Cyberattacks during the ongoing armed conflict in Ukraine, since the 2022 military invasion by Russia, have heavily disrupted critical infrastructure and services. The CyberPeace Institute has monitored more than 850 cyberattacks and operations in relation to this armed conflict affecting 22 different sectors and in 36 countries. Attacks on critical infrastructure affect people as they imperil the services vital for the survival of the civilian population.
- Ensure human centric focus as key for our humanity
The maintenance of international peace and security needs to ensure the protection and enablement of individuals to enjoy in cyberspace their fundamental rights and freedoms as well as their rights to economic and social advancement. To preserve what is humanly important in cyberspace and the trust in technology it is essential to focus on the impact on people and society of cyberattacks, and not only on the economic cost or technical remediation needs.
We call on world leaders to increase understanding of how cyberattacks impact and harm individuals and society, and that this informs and influences decision making. For example, the Cyber Incident Tracer (CIT) #Health documents cyberattacks against the Healthcare sector. This repository of data on cyberattacks over a two year period is being used to inform the development of a harm methodology to measure the impact of cyberattacks on individuals, and society as a whole. This is vital to inform technology, regulatory, and standards initiatives that will reach their ultimate goals – the protection of individuals and safe enjoyment of technology and connectivity.
- Preserve the universal character of the Internet
Heightened geo-political tensions, increasing vulnerabilities linked to food and energy crises, armed conflicts and climate crisis, as well as challenges to global systems are also the backdrop to exacerbating tensions in cyberspace and risks to the universality of the Internet. The fragmentation of the Internet creates boundaries in cyberspace, increases the risk of an information vacuum and the spread of misinformation and disinformation, and undermines the Internet as a motor of global trade. The Internet’s strength is its distributed nature but this also makes it fragile. The Internet’s openness depends on trust and this trust is undermined when access to the Internet is blocked in times of war or other crisis.

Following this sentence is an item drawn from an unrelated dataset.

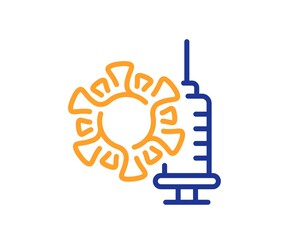 Coronavirus vaccine line icon. Covid virus sign. Infection protect symbol. Quality design element. Line style coronavirus vaccine icon. Editable stroke. Vector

We call on world leaders to take all efforts to preserve the universal character of the internet, and to prevent activity that intentionally damages the availability and/or integrity of the public core of the internet.
It is critical to promote acceptance and implementation of international norms of responsible behavior in cyberspace, and to to focus on confidence building measures in cyberspace.
Ultimately, the peace and security of cyberspace is a collective goal that requires collective action, and requires capacity building to protect the universal character of the Internet. The responsible behavior of states in cyberspace is vital to achieving this goal.
We commend the World Economic Forum for its focus on dialogue, cooperation and leadership and call on participants to recognize that today the world needs decisive action to be taken and a true multistakeholder and collaborative engagement.